Osmanlı'da ilk Meşrûtiyetin doğuşu

Sosyal ve siyasî sahada tatbik edilebilen bir meşrutiyet, yani şartlara ve kanunlara dayalı bir demokrasi, aslında büyük bir nimettir.

Demokrasinin erdemine varan topluluklar, bu sistemden vazgeçmeyi akıllarından bile geçirmezler. Bildiğimiz kadarıyla hiçbir topluluk, tadına vardığı bir demokrasiden şimdiye kadar vazgeçmiş değil. Tarihte bu manada bir örmek bilmiyoruz.

Devletler, milletler şimdiye kadar uygulaya geldikleri hemen her sistemden vazgeçtikleri halde, demokrasi tarihinde bu türden bir örneğe rastlanılmış değil.

Hani aksama olmuştur. Askıya alınmaya rastlanılmıştır. Ama, demokrasiyi tatbik sahasına koyduktan sonra, başka bir sistemin ona tercih edildiğini yakın tarih göstermiyor.

Gelelim, bizdeki duruma. Yani, meşrutiyetin ilk geliş safhasına...

Bugün adına Demokrasi denilen Meşrûtiyet sistemine fiilî ve tatbikî sûrette adım attığımız (19 Mart 1877) tarihinin üzerinden yüz elli seneden fazla bir zaman geçti.

Her ne kadar otuz yıllık bir kesinti (askıya alınma) hali yaşandı ise de, millet olarak bunun tadını almıştık bir kere; ondan vazgeçmek söz konusu olamazdı. Nitekim, 1908'de yeniden işlerlik kazandırılan Meşrûtiyet sistemi, darbeler ve diktatörlükler sebebiyle ağır-aksak, yahut kör-topal şekilde de olsa, nihayet günümüze kadar hayatiyetini sürdürebildi. Buna da şükretmek lâzım. Zira, diğer İslâm ülkelerinin büyük çoğunluğu bu içtimaî nimetten bile el'an mahrum durumdalar.

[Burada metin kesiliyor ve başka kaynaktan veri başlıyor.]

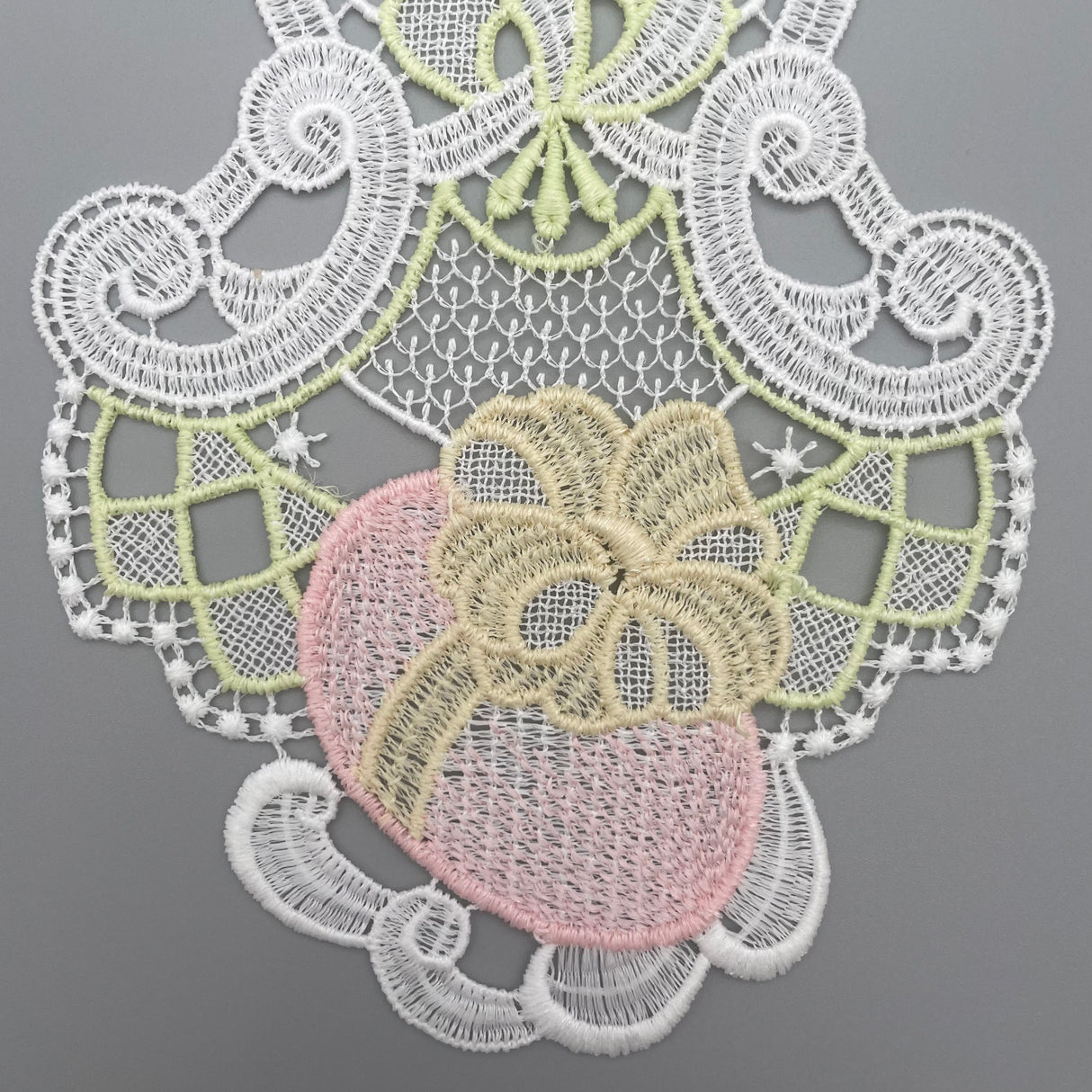 Plauener Spitze Fensterbild Ostern mit Ei von Wimpelberg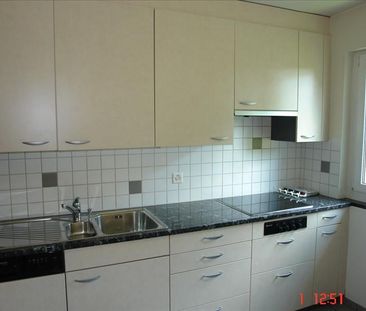 "Grosszügige Wohnung an ruhiger Lage" - Photo 3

Sultan Abdülhamid tarafından Meşrûtiyetin 23 Aralık 1876'da ilân edilmesinden sonra teşkil edilen ilk Osmanlı Meclis-i Mebûsânı (Millet Meclisi), 19 Mart 1977'de açıldı ve normal çalışmalarına başladı. Meclis'in açılışı vesilesiyle geniş iştirakli bir merasim yapıldı.

Dolmabahçe sarayında düzenlenen merasimde, yabancı temsilciler de hazır bulundu. Yeni teşkil edilen bu Meclis'in ilk başkanlığını Ahmed Vefik Paşa yaptı.

Anayasanın (Kanun-i Esasî) kabulü ve Meşrûtiyetin ilânı bu tarihten yaklaşık üç ay kadar evvel gerçekleştirilmişti. Bu süre zarfında parlamentonun teşkili için gerekli hazırlıklar yapıldı.

Yeni rejimin adı "meşrûtî monarşi" idi. Dolayısıyla, yapılacak olan düzenlemeler de buna göre dizayn edilecekti. Ön hazırlık olarak, iki ayrı Meclis binası ihdas edildi. Çünkü, yeni sistem iki meclis tarzında işleyecekti: Biri Meclis-i Mebûsân, diğeri ise Senato manasında Meclis-i Âyân. Bu ikisine birden Meclis-i Umumî denildi. Nihayet, iş, seçimlerin fiilî şekilde yapılması aşamasına geldi.